Open HahaLan97 opened 2 months ago
I found out that from the beginning, which I mean the mlir program generated from torch-mlir, has this generic op, which input and output are in different shapes as this:
%58 = linalg.generic {indexing_maps = [#map5, #map1], iterator_types = ["parallel", "parallel", "parallel", "parallel"]} ins(%57#1 : tensor<1x1xf32>) outs(%57#0 : tensor<1x512x1x1xf32>) {
^bb0(%in: f32, %out: f32):
%65 = arith.divf %out, %in : f32
linalg.yield %65 : f32
} -> tensor<1x512x1x1xf32>
But because the sizes are both 1, so it'll apply the pattern SplitElementwiseGenericOp
in the simplify-copy
pass, which will definitely cause the error due to impossible creating of memref::CopyOp
.
However, you're using applyPatternsAndFoldGreedily
, so I added one check in the pattern. If the shapes are indeed different, this pattern will fail and the pass still goes on. Then it works perfectly with generating the correct affine loops.
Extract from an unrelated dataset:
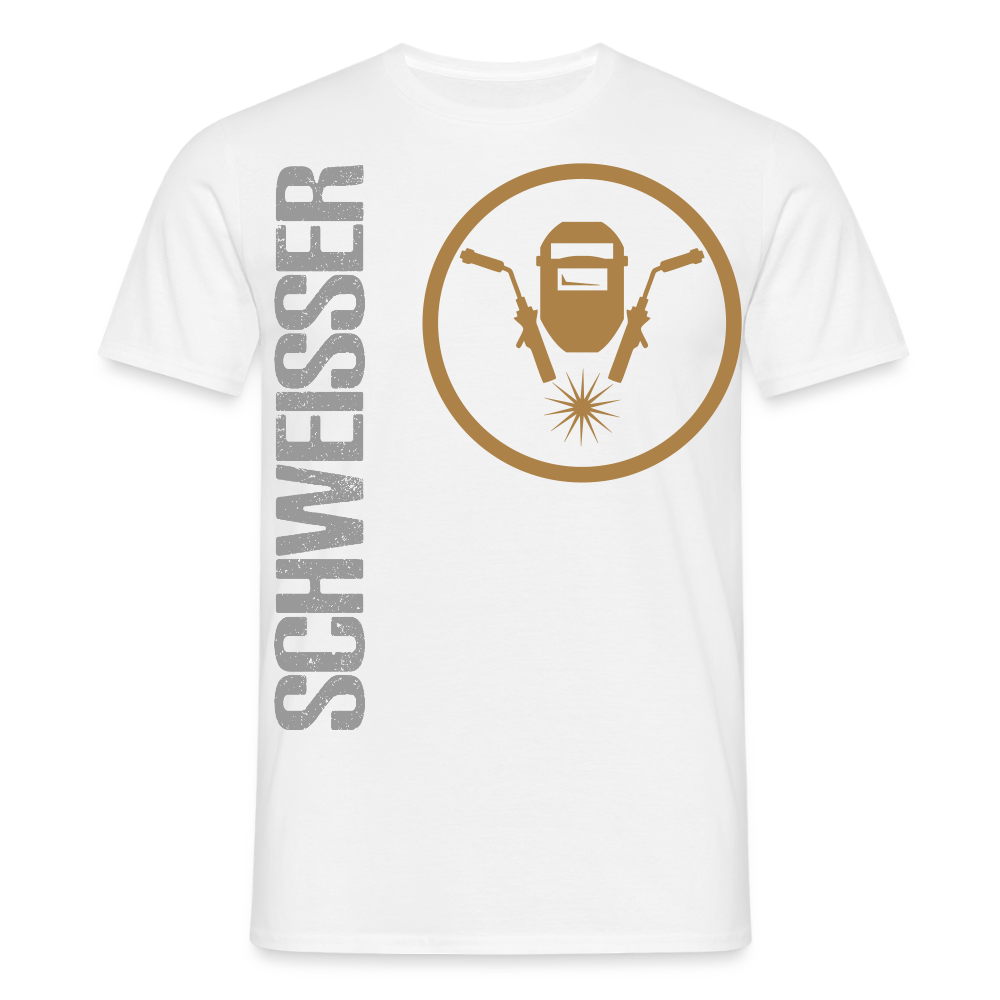 Unisex T-Shirt "Schweisser" Weiß Männer T-Shirt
Furthermore, the resnet18 stucked at the pass func-preprocess
, because of the patterns aiming to convert two integer arithmetic operations, i.e. arith.addi
and arith.muli
. The cause of these is because you use:
if (auto lhs = add.getLhs().getDefiningOp<arith::ConstantIndexOp>(); isValidDim(add.getRhs()))
here, which will only examine if isValidDim is true. Change to this fix the error:
auto lhs = add.getLhs().getDefiningOp<arith::ConstantIndexOp>();
if (lhs != nullptr && isValidDim(add.getRhs())) {
// code
}
The other three CNNs don't have the same problem as resnet18 because they don't have such GenericOp from torch-mlir and there is no integer op. I put all the changes in my forked repo and opened this PR, hope it looks good to you.
P.S.
As title I've run into this error when trying to use the scaleflow-pytorch-pipeline on the generated mlir code.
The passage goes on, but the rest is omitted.